5 Overused Moves In WWE That Should Be Given A Break

Please. No more spears.

reigns spears lesnar fastlane

Wrestling as an art form is renowned for its many staples – gimmicks, theatrics, promos – and few of those receive higher marks than the menagerie of moves and holds that developed over time. They make up spots and finishes and without them, face the facts, there would be no match – or much of one that is interesting.

Wrestlers are considered storytellers, so as such, they have to find the right move to tell the story they want to come across and further it. The right action – the maneuver as well as how and who is applying it – will elicit the desired response and heighten the drama.

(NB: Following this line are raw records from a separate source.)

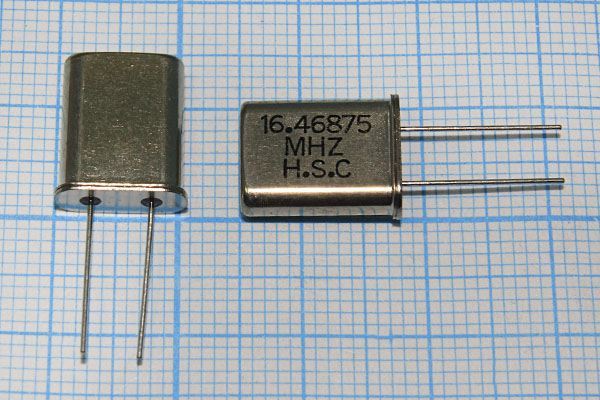 Кварцевый резонатор 16,46875 МГц - 16468,75 HC49U 47 1Г (HSC)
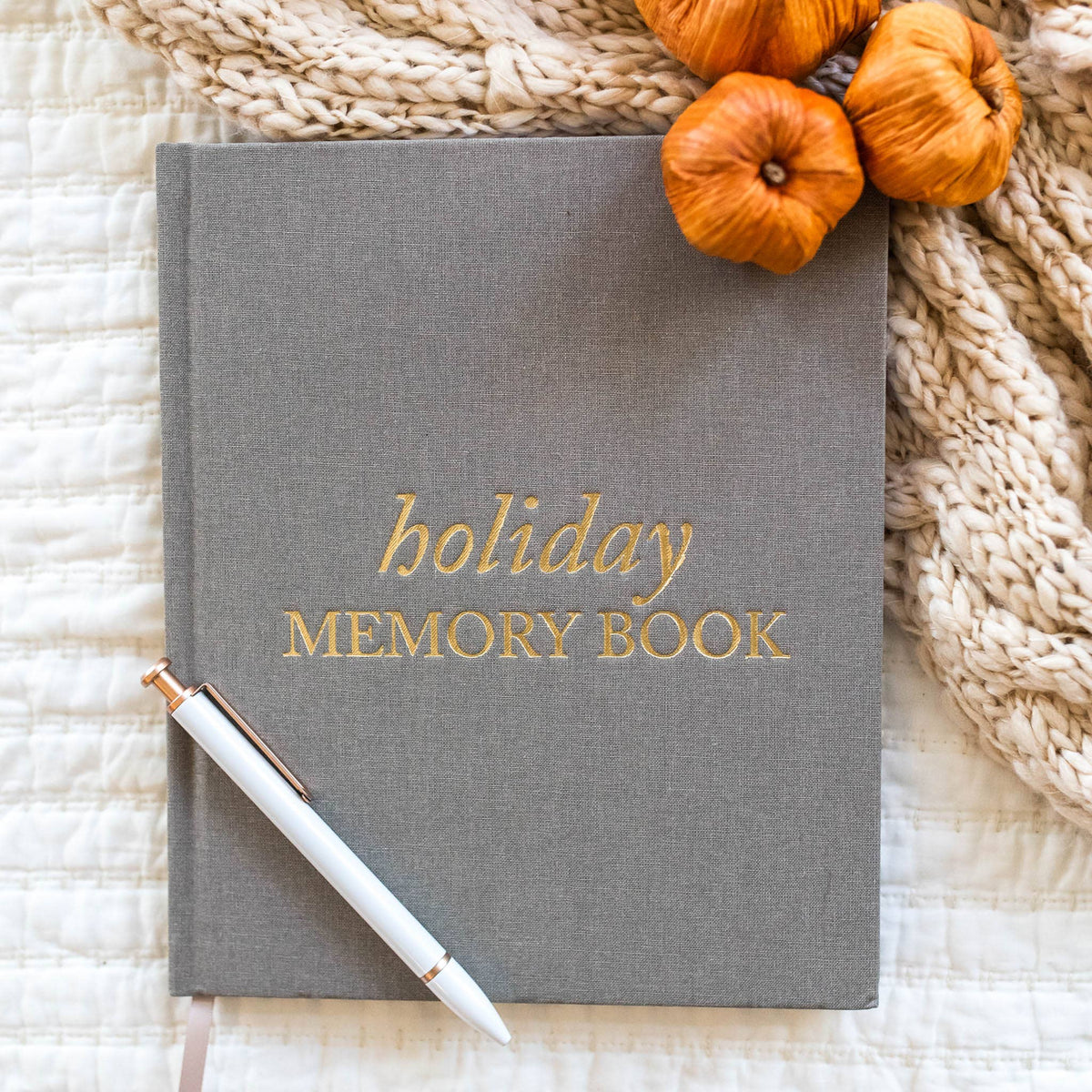 Holiday Memory Book & Family Keepsake | Christmas Gift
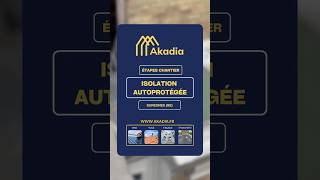 Isolation autoprotégée  Akadia construction home renovation [upl. by Nawad]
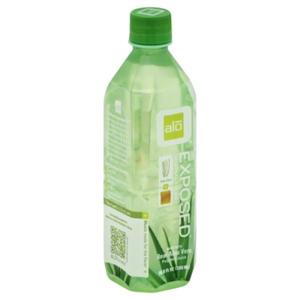 ALO Pulp and Juice, Original Aloe Vera + Honey, Exposed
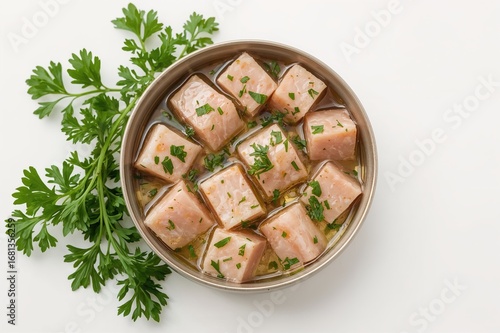 Close-up view of a tuna ser...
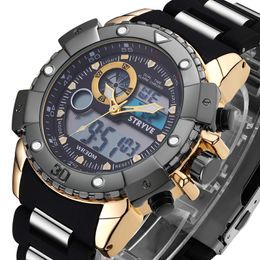 Stryve 8001 montres-bracelets étanches pour hommes offres spéciales double mouvement relojes hommes créateur de mode hommes montres de luxe
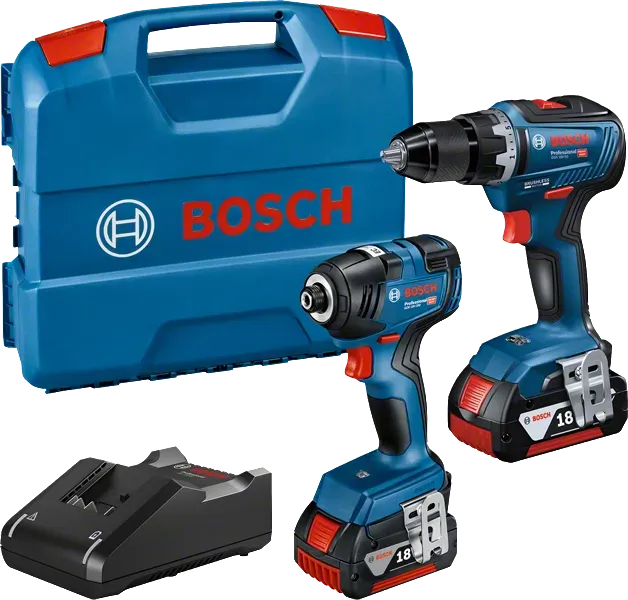 Bosch GSR 18V-90 C ve GDR 18V-220 C (2 x 4,0 Ah; GAL 18V-40; LC) Professional Karma Set
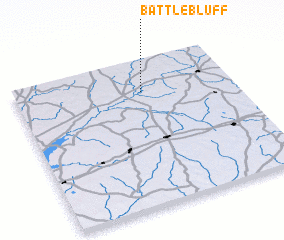 3d view of Battle Bluff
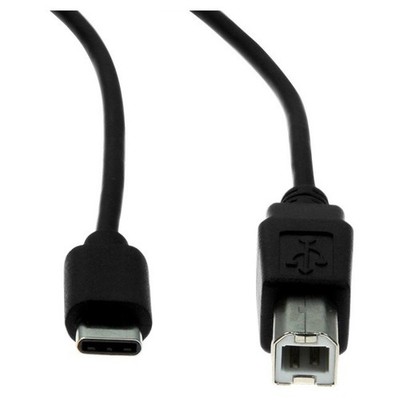 Rocstor Y10C141B1 3ft USB-C to USB-B Cable M-M USB 2.0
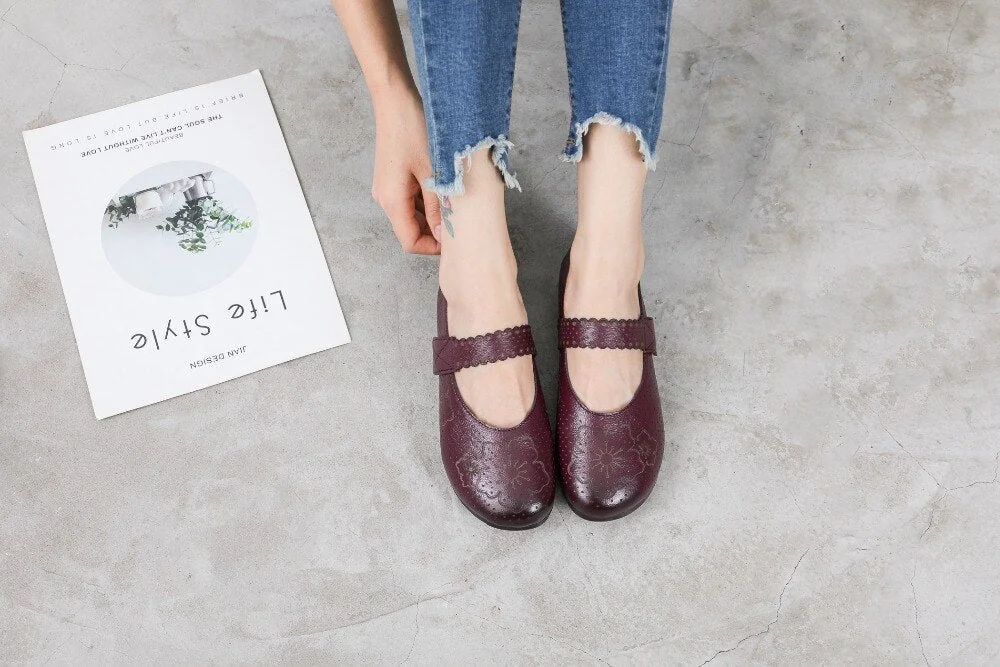 Genuine Leather Soft Bottom Women Flats Mother Shoes Comfort Oxford Shoes For Women Shoes Women Loafers Moccasins 35-42 - Image 15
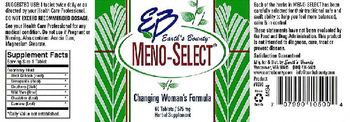 EB Earth's Bounty Meno-Select - herbal supplement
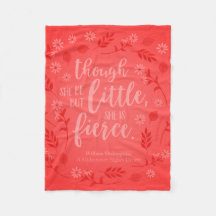 Petit Floral Rouge Mais Fierce William Shakespeare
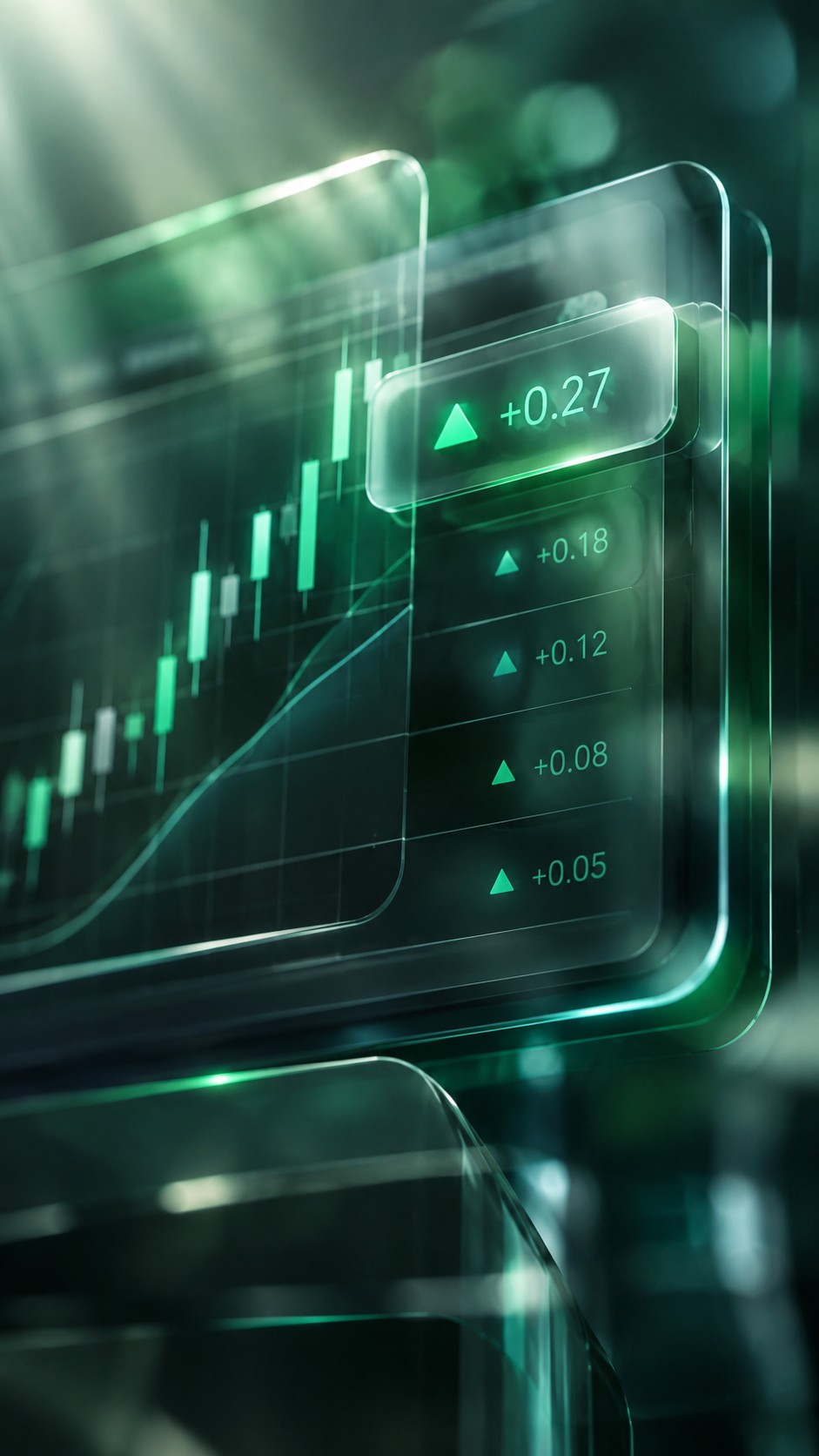 Macro close up of a price ticker display with tiny price increments highlighted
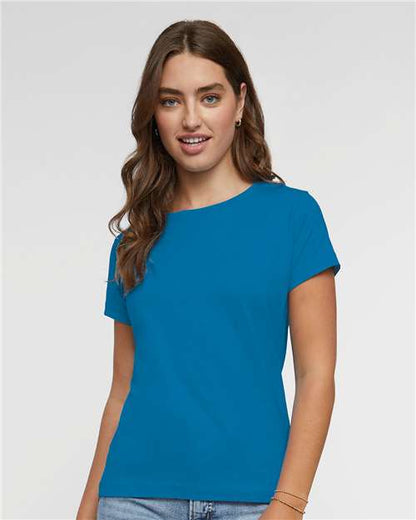 LAT Women's Fine Jersey Tee 3516 Tradewind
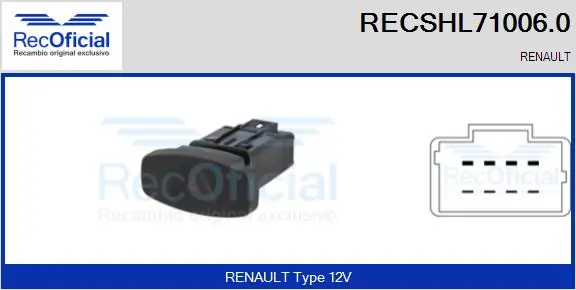 RECSHL710060 Recoficial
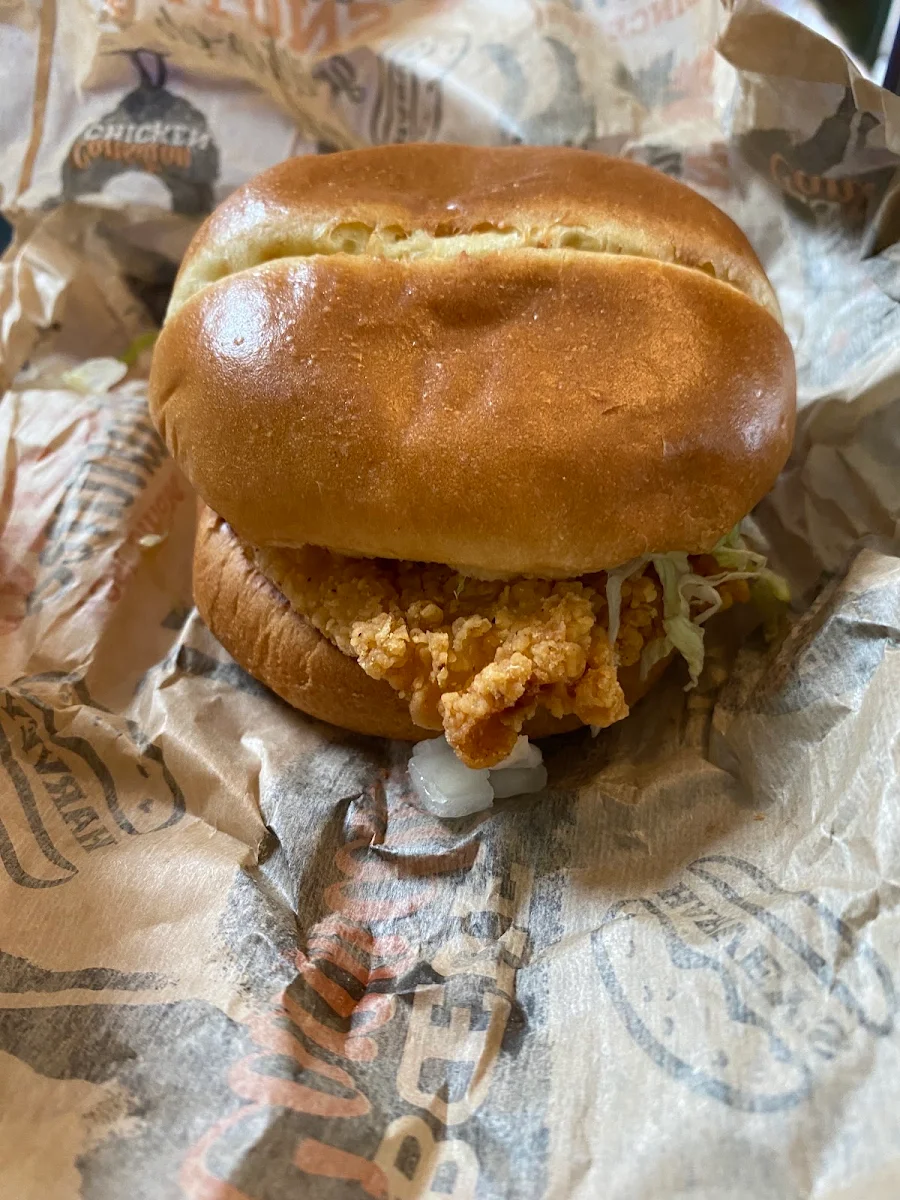 Crispy Chicken Sandwich, Harvey's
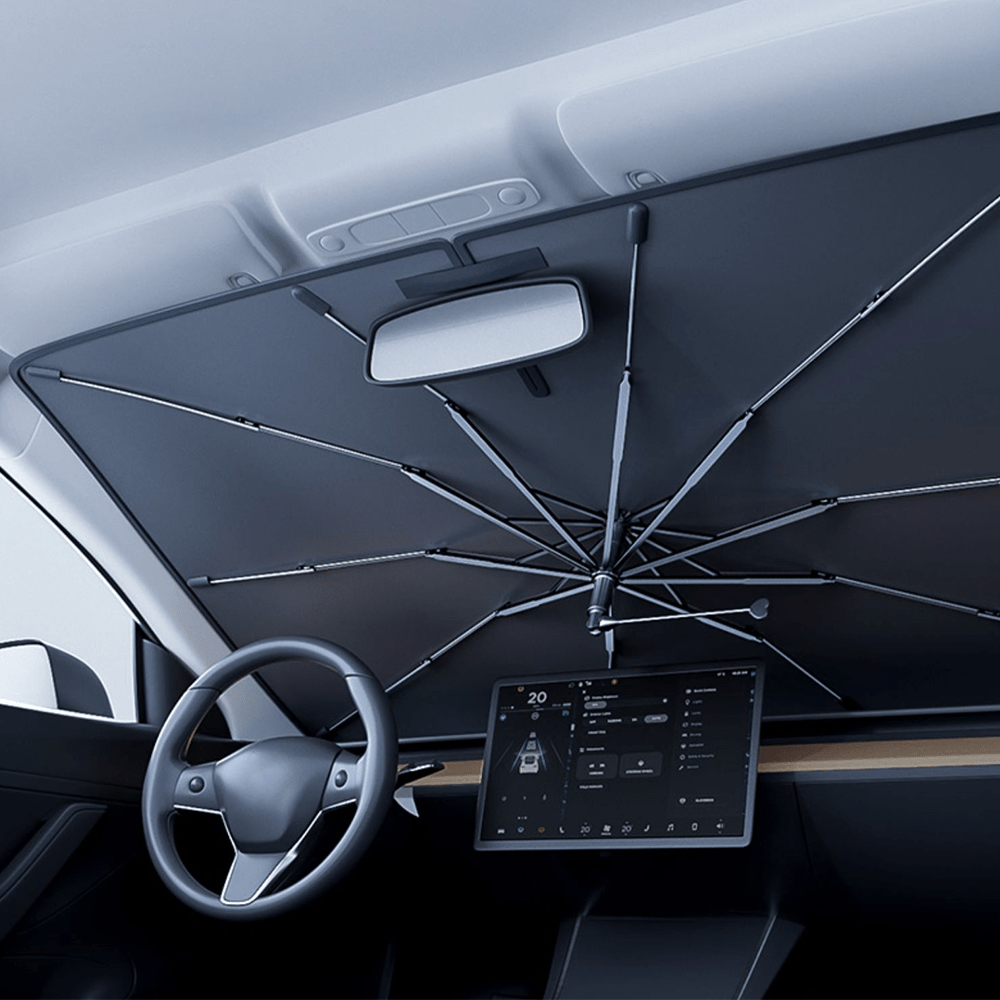Windshield Sun Shade Umbrella for Tesla Model 3/Y/S/X - Tesery Official Store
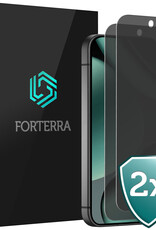 Forterra Forterra Google Pixel 11 Pro Screenprotector Glas Privacy - 2 PACK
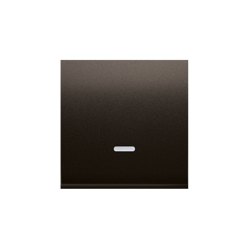 Simon 54 Premium Barna matt, szimpla billentyű  kijelzővel, megvilágított kapcsolóknak/nyomógomboknak, DKW1L/46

Yet, not all moves are created equal. Some evolve or fall in and out of fashion as the business changes while others either go away completely, recalled as novelties of a bygone era, or stay with us – their usage sputtering along inexplicably. The following are 5 moves still in use in WWE that are past their prime, lost their luster, or look plain dumb.


5. Ten-count punch

This one creeps up on a regular basis, mainly associated with brawlers and top-level talent like Stone Cold Steve Austin. It also manages to get the entire crowd to chant in unison – an academic reaction at this point. As gripping as it can be in its Pavlovianness, a ten-count punch strains credibility. Not a lot keeps a guy prone in the corner or from reversing it, especially early on in a match. Competitors who attempt it are open to all sorts of counters and are likely to lose their dominant position. For logic’s sake, this spot can go the way of the dodo for a little while.


4. 450 Splash

The 450 is exhilarating the first half-dozen times you see it; then everyone becomes inspired to top it — adding a springboard, extra rotation, and so on. The wheel never asked to be reinvented. Throw in a ladder and you add all sorts of hazards. Nobody is satisfied with just climbing to the top rope anymore. Risk does not always equal reward. Stay grounded and your knees and ribs will thank you, and the fans will too because you’re trying new things.


3. Superkick


One guy made the superkick what it is and that is Shawn Michaels. Since him, it’s been used by everybody as a setup or to get a near fall. We all know who they are emulating and the move isn’t much of a finish anymore. Dolph Ziggler has a pretty decent one but he has only begun using it in the last few years, not that he is on TV much for us to care or bring the superkick back to prominence. Undeniably, there is only one Sweet Chin Music. No one else can play that tune.


2. Cobra Clutch Slam


This move involves turning Sgt. Slaughter’s vaunted Cobra Clutch into an offensive maneuver that lands a maggot flat on their back for a three count. Commonly employed as a finisher, Jinder Mahal uses a variation called the Khallas. Sure, it helped him hold onto the WWE Championship longer than anyone thought, but it’s a weak finish nowadays. This one may have looked cool once upon a time; that is no longer the case. Get Mahal a different move, maybe he’ll win another title.


1. Spear


Goldberg introduced the spear to the wrestling world. Since then, it’s been imitated but never duplicated. Rhyno’s Gore comes close and Edge’s spear was okay too. Now it’s an easy, sometimes mediocre, finisher for spry big men, and not to mention Charlotte, who go home with it more than a chokeslam. Roman Reigns rests on his laurels with this one as a lot of guys do. High time for the big dog to hit the ropes back to the drawing board.